J'ai commencé à penser les contours du scénario il y a une dizaine d'années, j'avais même commencé à dessiner pour publier cette histoire en bandes-dessinées (j'ai toujours les trois planches). L'écriture m'a pris presque quatre ans, sachant que j'avais une vie personnelle et professionnelle à gérer à côté. Avec l'expérience acquise, je pense que je sortirai mon prochain roman dans deux ans.
Es-tu du genre à passer et repasser sur certaines phrases pour les corriger et les améliorer ?
Je me sens plus un conteur qu'un écrivain. Pour moi une phrase doit "sonner" et le texte avoir du rythme. C'est peut-être dû à mon expérience de musicien et de batteur.
Les fautes d'orthographes et de grammaire, c'est autre chose.
Quels sont tes auteurs préférés ?
Je suis un fan inconditionnel d'Albert Camus. Il y a une pudeur dans ses personnages de roman qui me touche particulièrement.
Camus est aussi marqué par les différences de culture des deux côtés de la Méditerranée, penses-tu que cela influence l'écriture ?
Je dois avouer que pour moi, lire Camus a toujours été comme entrer dans un demi-sommeil, un rêve éveillé dont je ne me rappelle presque rien en ouvrant les yeux. Je n'en garde que des impressions. Avant que je sois moi-même un expatrié, j'ai toujours ressenti chez Camus une sorte de malaise à être un hybride (du-moins une interrogation), un peu d'ici et un peu de là-bas (selon l'endroit où on se trouve). Pour ma part, quand je suis en Angleterre, je suis le "Français", et quand je suis en France, je suis "l'Anglais", et cela a été pareil dans tous les pays ou j'ai habité.
La couverture est très belle et a en plus du sens, qui est en le responsable ?
J'ai tout fait de A à Z. Je souhaitais une couverture simple (un œil) mais avec une référence au metal et à ses fans (les cornes du diable). Des graphistes "non-metalleux" m'ont dit que cette couverture ne faisait pas du tout metal, qu'elle était trop propre. Quand on parle de caricature.
Cet œil me fait un peu penser à Sauron qui est bien plus métal que pop ! Plus sérieusement, l'idée de l'œil qui regarde mais qui est aussi un reflet est excellente.
L'utilisation de l"œil" dans des couvertures et des pochettes est relativement banale, mais j'aime bien l'aspect simple et rond de sa forme. Malgré cette simplicité, quand on en regarde un œil en gros plan ou à l'aide du microscope, on comprend que c'est un organe d'une complexité extrême, je le sais car j'ai d'abord essayé d'en peindre un avant de le travailler sur ordinateur... C'est peut-être une métaphore du metal : un simple bruit pour certains, un univers complexe et riche pour d'autres...
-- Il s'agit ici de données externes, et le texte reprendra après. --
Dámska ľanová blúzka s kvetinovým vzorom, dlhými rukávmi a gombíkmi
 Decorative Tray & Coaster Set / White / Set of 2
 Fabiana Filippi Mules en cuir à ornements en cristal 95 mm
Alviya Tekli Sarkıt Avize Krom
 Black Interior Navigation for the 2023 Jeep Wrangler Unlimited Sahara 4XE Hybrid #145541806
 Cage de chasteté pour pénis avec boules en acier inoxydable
L'œil bleu de ma pochette et ses "devil horns" dans l'iris peuvent être aussi interprétés de différentes manières : tu y as vu des reflets, j'y vois l'iris d'un passionné, d'autres on vu une scène centrale (la pupille) entourée d'un public...
Est-ce que cette couverture a séduit au-delà du monde du metal ?
Je ne suis pas sûr que cette couverture plaise en dehors du metal, car j'ai fait le choix graphique de ne placer qu'une partie de mon œil sur la couverture, on ne voit l'oeil entier que si on déplie le livre, et le titre est relativement petit. Dans le monde de l'édition, je pense qu'on m'aurait sans doute demandé de placer mon oeil au centre et en entier, et de mettre le titre en plus gros... Si tu regardes cette pochette de loin, tu ne voit qu'un iris bleu sur un fond noir... cela a plus sa place dans une boutique metal que dans une librairie...mais je me trompe peut-être...
Peut-on dire que tu es en "autoproduction" ?
Oui, complètement. Je pensais qu'aucun éditeur ne serait intéressé par publier un roman sur le metal, donc j'ai décidé de tout faire moi-même par l'intermédiaire de Createspace d'Amazon.
J'ai une totale liberté sur mon œuvre mais je dois faire toute la promotion depuis chez moi. Dans la vraie vie et sous mon vrai nom, je n'ai aucun lien avec le monde de l'édition et du journalisme, donc je découvre un autre monde.
Cependant, je dois avouer que dans la communauté metal, je rencontre des personnes fascinantes. Et j'ai même eu la chance de correspondre avec certaines de mes idoles.
Trouver un éditeur est plus complexe qu'un label ?
Je ne peux pas vraiment répondre à cette question car je n'ai jamais cherché à contacter ni l'un ou l'autre. À mon avis le problème est le même, surtout avec les moyens que nous offre dorénavant la technologie : jusqu'où peut te mener la liberté artistique ?
À quoi juge-t-on de la réussite d'un livre sur le metal ?
Si tu mets à part le nombre des ventes, je dirais que chacun trouve sa propre satisfaction dans l'art, que ce soit en musique, en littérature ou en peinture.
Personnellement, je suis heureux quand des lecteurs me parlent de mon roman comme un univers dans lequel ils se sont immergés, comme si cette histoire ne m'appartenait plus. Certains lecteurs m'ont parlé longuement de scènes qui pour moi sont parfaitement anodines, mais qui chez eux prennent résonance. C'est fascinant.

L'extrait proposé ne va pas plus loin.